M. Jean Baptiste jure que ces propos ont été effectivement tenus lors des échanges avec avec les représentants de l'opposition institutionnelle, qui regroupe des parlementaires.

D'autres personnalités, qui exigent la démission du président Moïse, dont l'ex député Gerard Evans Beaubrun, étaient également présentes à cette rencontre à l'hôtel Oasis.

M. Beaubrun a confirmé que le projet d'amnistie a été effectivement évoqué lors des échanges.

De son coté le sénateur Youri Latortue, soutient que ces propos n'ont pas été évoqués en sa présence. Il révèle toutefois qu'il s'était absenté quelques secondes lors de cette réunion.

Le sénateur Latortue s'étonne qu'un pareil scénario puisse être envisagé. Il rappelle que la réalisation du procès est une condition sine qua non de l'opposition institutionnelle.

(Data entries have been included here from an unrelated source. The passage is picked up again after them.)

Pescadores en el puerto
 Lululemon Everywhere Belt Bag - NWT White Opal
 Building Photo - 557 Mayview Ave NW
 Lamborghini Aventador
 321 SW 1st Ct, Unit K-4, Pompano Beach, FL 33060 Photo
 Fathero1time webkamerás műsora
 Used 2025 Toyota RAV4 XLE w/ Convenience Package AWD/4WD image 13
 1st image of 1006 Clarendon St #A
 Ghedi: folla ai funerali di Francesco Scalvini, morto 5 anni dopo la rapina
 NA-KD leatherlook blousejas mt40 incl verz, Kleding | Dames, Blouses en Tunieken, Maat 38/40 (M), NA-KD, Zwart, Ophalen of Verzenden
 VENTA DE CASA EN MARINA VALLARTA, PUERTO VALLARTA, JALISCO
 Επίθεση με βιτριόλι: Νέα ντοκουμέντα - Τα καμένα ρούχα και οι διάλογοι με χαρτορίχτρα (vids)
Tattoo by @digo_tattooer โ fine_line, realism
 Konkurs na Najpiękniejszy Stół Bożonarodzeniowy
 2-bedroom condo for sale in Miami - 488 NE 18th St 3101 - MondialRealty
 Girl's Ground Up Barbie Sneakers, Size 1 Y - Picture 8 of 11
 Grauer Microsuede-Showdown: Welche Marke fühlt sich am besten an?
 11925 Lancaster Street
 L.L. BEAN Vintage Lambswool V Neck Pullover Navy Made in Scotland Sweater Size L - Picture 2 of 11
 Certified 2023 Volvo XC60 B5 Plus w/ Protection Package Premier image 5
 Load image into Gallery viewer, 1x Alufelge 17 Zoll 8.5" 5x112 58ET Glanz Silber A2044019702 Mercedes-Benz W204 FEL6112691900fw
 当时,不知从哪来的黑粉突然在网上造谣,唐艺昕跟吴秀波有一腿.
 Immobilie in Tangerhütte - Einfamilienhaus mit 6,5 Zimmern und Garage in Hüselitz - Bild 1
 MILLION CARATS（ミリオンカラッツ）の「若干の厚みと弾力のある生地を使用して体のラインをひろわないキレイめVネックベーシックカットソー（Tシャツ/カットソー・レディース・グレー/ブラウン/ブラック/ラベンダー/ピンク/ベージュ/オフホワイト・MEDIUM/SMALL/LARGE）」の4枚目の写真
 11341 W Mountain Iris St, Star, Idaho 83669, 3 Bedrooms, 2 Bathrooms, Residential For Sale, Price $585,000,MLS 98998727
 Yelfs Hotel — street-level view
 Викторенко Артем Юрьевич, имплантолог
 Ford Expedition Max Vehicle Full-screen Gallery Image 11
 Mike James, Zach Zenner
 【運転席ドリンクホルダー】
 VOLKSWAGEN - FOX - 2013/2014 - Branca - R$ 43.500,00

De plus il fait remarquer qu'il n'existe pas d'amnistie en matière de crime financier.

President de la commission éthique et anti corruption du Sénat, M. Latortue donne l'assurance qu'il entend poursuivre la lutte pour la réalisation du procès visant à faire la lumière sur la dilapidation de plus de 4 milliards de dollars américains.

Il annonce la publication prochaine d'un document listant les officiels et propriétaires de firmes épinglés dans le rapport de la Cour Supérieure des Comptes et du Contentieux Administratif (CSCCA).